Tuesday, January 20, 2009

No Real Cease, No Real Peace

It should not be surprise that the invasion of Gaza ended as it did with Israel deciding to leave the Gaza just as quickly and aribitrarily as it decided to invade and send troops into the Gaza. Both sides declared a unilateral cease fire and both claimed victory. Nothing changed, except, as Israel claims: damage was done to Hamas. Actually the damage was about 17% of the building destroyed at a loss of something like $2 billion, over a 1000 Palestinians killed, more that half of them women and children. The reasons for Israel's withdrawal were about as clear as their reasons for invading. There are no guarantees by Hamas that they do not continue with the rockets into Israel, no guarantees by Israel that they would not reverse the withdrawal and re-invade.

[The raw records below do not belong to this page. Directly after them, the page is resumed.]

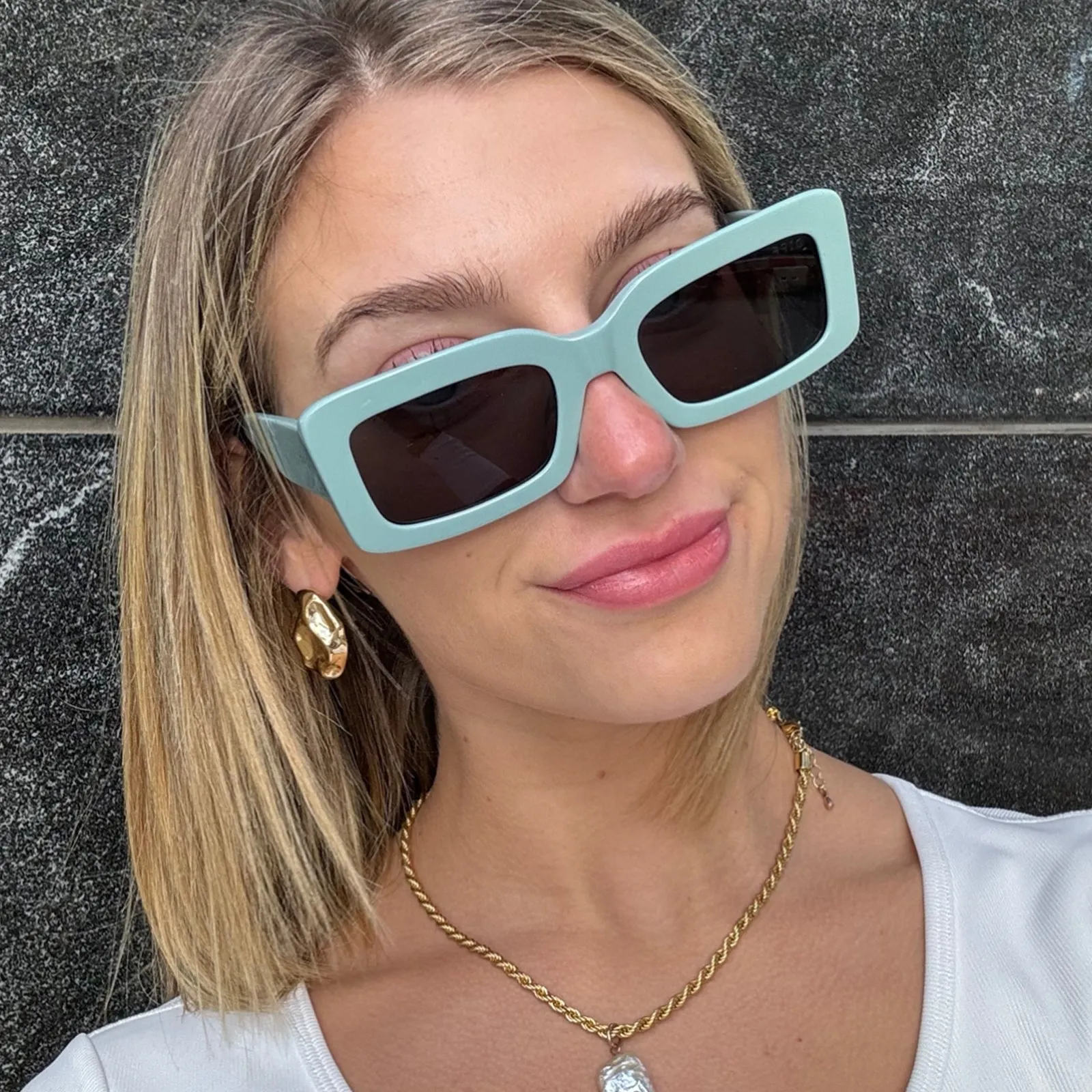 INDY - STEEL TEAL   GREY   POLARIZED SUNGLASSES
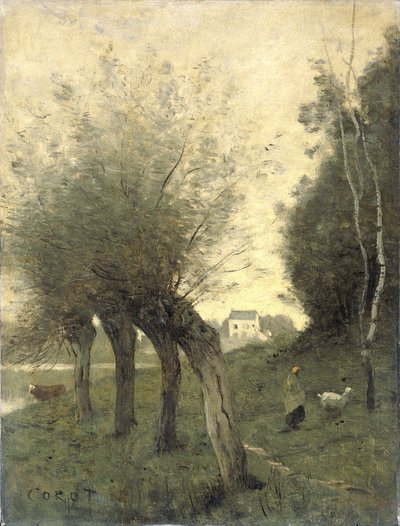 Landskap med Pollard Willows av Jean Baptiste Camille Corot
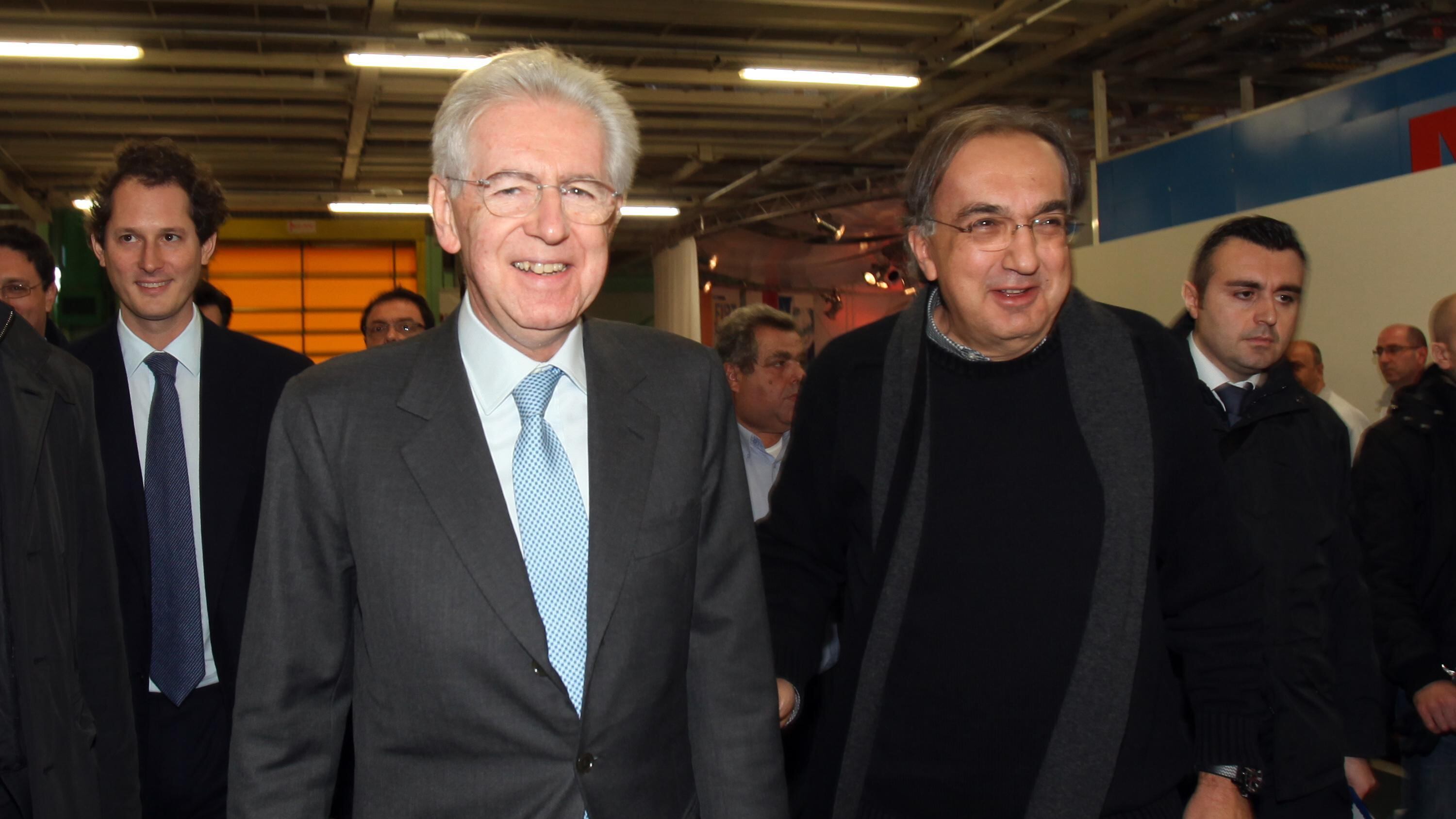 Monti in campagna elettorale: visita allo stabilimento Fiat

No real cease fire, no real chance to turn the invasion into peace. That probably is the reason that there were unilateral actions leading to temporary resolution of the crisis without any promises or agreed upon framework for going forward. The idea of the cease fire was to agree to conditions for maintainintg the cease fire, conditions that might have the chance of establishing some foundation for going forward with negotiations for somekind of process that would lead to peace.

Neither Hamas nor Israel wanted such formalities, certainly not any commitments for fair and humane treatment of one another, nor to abide by international human right laws. Hamas was not removed from power, their ability to launch rockets only minimally reduced and the clandestine supply routes from Egypt still functioning.

It would take a reliable source within the Israeli's ruling party's government to reveal to us the real purposes of the invasion\ and, therefore, whether, in fact, that purpose was accomplished. "Damages were done" doesn't seen to be sufficient. What is clear from the way that the invasion ended is that neither side want's peace or any kind of agreement that might lead that way. For both, it was a victory that neither acquired any further commitments that woud limit its options for use of violence in the future.

it is speculated that the new Obama administration will soon, very soon, send a special envoy to the Middle East. The first order of business could well be to find some legitimate authority there who actually desires peace.